# Help with 1991 Auto Trans problem!!!



## burchs (Dec 4, 2004)

I have a 1990 240SX automatic. My problem is this. It will not upshift until the engine RPM gets to about 4500 and free-wheels when I let off of the gas. Once in OD, it does not free-wheel, but if I get the RPMs lower than 2700, it downshifts and the issue is there again. I have checked to trans fluid and everything looks good. Has anyone had this problem before? I sure would like to drive it again, but it is too much work when friving in traffic.

Thanks in advance.

Skip
__________________
67 Stang
1990 Nissan 240SX


----------



## aradapilot (May 29, 2007)

I'm having this problem right now...trying to figure it out...might be electrical? what sensors assist the trans?


----------



## rbo1577186 (Jan 16, 2005)

Band adustment?


----------



## rogoman (Dec 16, 2004)

Check the TPS harness connector for oxidized pins. If the TPS is not in the circuit, then the A/T will shift hard and at much higher RPMs.


----------



## aradapilot (May 29, 2007)

tps looked alright, and threw no codes...
heres a copy of a post i made to anothers suggestion of the rev sensor:

I've been having a problem like this recently...I had the car off the road for a while as my camshaft snapped (yes, snapped in two) and finding another was a pain, and now that I swapped the new one in and went for a drive she wouldnt shift until near redline. It seemed electrical...as the tranny had been fine up until then and a few connectors had to be taken apart to do the timing work, including the tps. When I'm home from work tonight I'll try undoing the rev sensor...hopefully it's that, maybe hurt from sitting not running for a while during a heat wave...you'll hear back from me soon.

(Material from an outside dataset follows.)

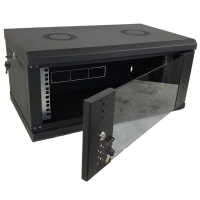 Шафа настінна Eserver 4U 19" 600х350х284 (Ш*Г*В), скло, чорна (ES-Е435B)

And a note, I read this whole thread and it's been immensely helpful - would've taken me forever to test all that by myself. Thanks all! Hopefully this will get linked in a sticky or something as it seems to be a common problem.
Okay...same problem with it unclipped (the top connector with 3 prongs next to the relay box, right?). So, trying to figure out what it is. More details:
shifts 1-2 at redline. shifts 2-3 at about 5500-6000. haven't gotten to 4 yet, as i'd need to go about 80 to redline it in 3rd and I don't want to go far from home to a nice highway or anything until I work this out...
also, when it finally does shift, if i let off the gas the rpms drop down to about 1k even if the engine should be held higher by the trans...not sure whats causing this. I can get back up to a normal range easily and the torque kicks right back in.
note: having gears 1,2, and 3 means all solenoids fire. I tried disconnecting the kickdown switch too...no luck there.
Could this be a problem with the tps? what other inputs are used? It seems like the rev sensor disconnect worked for everyone but me...though my problem sounds identical.


----------



## aradapilot (May 29, 2007)

It's the TPS. was throwing 2.68V at closed throttle as opposed to the 0.4 expected. Just got a replacement, gonna swap it in a little later, I'm tired as hell.
And driving with the bad tps disconnected was fine. Obviously it shifted based on the charts in the fsm rather than pedal pressure, but otherwise performed beautifully.


----------